Шрифт:
Закладка:
Между тем в исторической науке Просвещение долгое время рассматривалось как относительно однородный идейный блок, как некий доктринальный канон, содержание которого поначалу тесно увязывалось с трудами великих мыслителей — от Локка до Юма, от Монтескье до Руссо, от Лейбница до Канта; затем оно распространилось и на так называемую «периферию» Просвещения — идеи и деятельность их последователей в Италии, Испании, Португалии, Польше, России, на Балканах… Это восприятие было во многом связано с традиционным взглядом на Просвещение сквозь призму Французской революции. Оно родилось еще в годы самой Французской революции, нуждавшейся в идеологическом обосновании, и закрепилось в XIX в., для которого эта революция стала важнейшей точкой отсчета. Этот подход получил новый мощный импульс в XX в., поразившем мир новыми, невиданными по масштабу революциями, диктатурами и мировыми войнами. Независимо от того, поднималось ли Просвещение на щит как «философская революция» (Э. Кассирер), космополитическое идейно-политическое движение, возглавлявшееся интеллектуалами-реформаторами (Ф. Вентури), или же осуждалось за манипуляцию массами (М. Хоркхаймер, Т. Адорно, Р. Козеллек), постоянное (вольное или невольное) соотнесение Просвещения с Революцией и ее последствиями неизбежно приводило к упрощению — в нем искали и находили черты, либо роднящие его с эпохой великих социальных потрясений, либо свидетельствующие о принципиальных различиях между ними.
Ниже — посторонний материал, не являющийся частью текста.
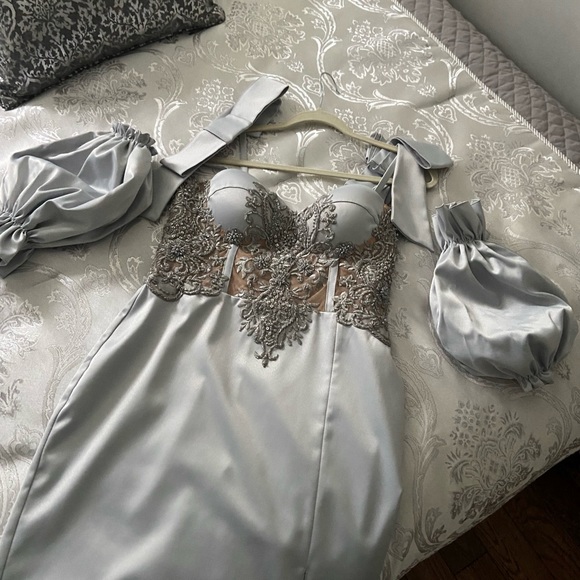 Dress 👌 - Picture 2 of 7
Ситуация начала меняться с развитием нового направления — социальной истории Просвещения. Оно явилось плодом взаимодействия социально-экономической истории Старого порядка (Л. Февр, Э. Лабрусс, Ф. Бродель) и литературоведения (школа Г. Лансона), обогатившегося отдельными элементами истории, психологии и социологии. Именно социальная история позволила историкам Просвещения в 70-х годах XX в. выйти за рамки традиционной истории идей, рассматривавшей этот феномен только в связи с Французской революцией. Сторонники нового направления отказались от привычных методов исследования, в основе которых лежал анализ отдельных идей или событий, а предпочтение отдавалось изучению взглядов наиболее крупных авторов, отраженных в их наиболее известных трудах. Они сосредоточили внимание на обществе, на его экономических и культурных механизмах, учитывая при этом концептуальные и ментальные возможности эпохи, а также разницу между контекстом, в котором те или иные идеи рождались, и тем контекстом, в котором они циркулировали. Взаимодействие различных уровней исторической реальности (социального, экономического и культурного), взаимоналожение различных периодов исторического времени, учет фактора longue duree — все это стало предметом специального осмысления. Историки стали изучать ментальности, взаимоотношения между различными социальными группами и интеллектуальную продукцию при помощи прикладных количественных методов, используя серийные источники (например, серии архивных документов, относящихся к коллективным феноменам или систематически воспроизводимым ситуациям). Новые подходы доказали свою плодотворность — так, новаторский труд Р. Дарнтона об издательской судьбе «Энциклопедии» и ее читателях, исследование Д. Роша о провинциальных академиях открыли перед историками совершенно новые перспективы изучения Просвещения.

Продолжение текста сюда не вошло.